# Danish Masterworks



## Harbrook (Mar 29, 2008)

I stumbled upon these tanks set ups that blew me away!... the language is in danish, but the pictures are VERY international...

WOW... I want one of those tanks!!!

check it out

http://www.malawigruppen.dk/udstilling1.htm


----------



## alicem (Jul 26, 2007)

What fantastic tanks. Thanks for sharing that link. 
I like Kim Jacobsen's the best.
Wonderful rockwork.


----------



## 12pointer (May 30, 2006)

Those are amazeing tanks. Theres another site The Cichlid Room Compainion and one of the members (Jesper) has some Awsome tanks also. Those Danish people know how to aquascape their tanks!!


----------



## TailorO (Apr 7, 2008)

i love the one that is set into the wall under the stairs!
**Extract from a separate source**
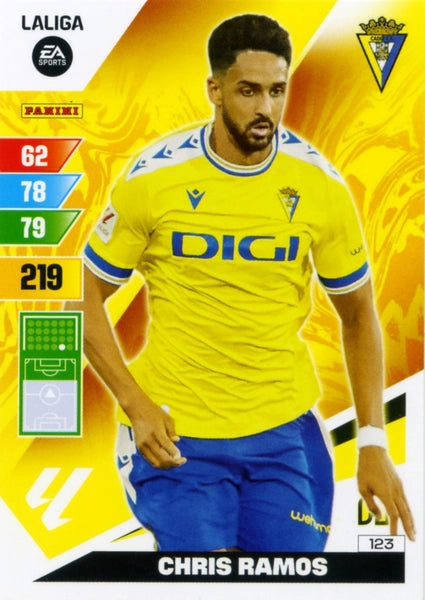 Cromo Trading Card Fútbol-Chris Ramos-Cadiz-Panini Adrenalyn XL 2023-2024-#123-Básico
I would kill to have that!


----------



## hnz808 (Apr 20, 2008)

wow...looks good... :thumb: :thumb:


----------



## marge618 (Mar 12, 2006)

Harbrook said:


> I stumbled upon these tanks set ups that blew me away!... the language is in danish, but the pictures are VERY international...
> 
> WOW... I want one of those tanks!!!
> 
> ...


Now I want to find a Danish translater. Also, I need tank sizes in gallons ... or feet. My, goodness, the rock work is terrific! :thumb:

Later,
Marge


----------



## Harbrook (Mar 29, 2008)

1000 ltrs is 265 us gallons if that helps....

some of those tanks are absolute monsters!!!!


----------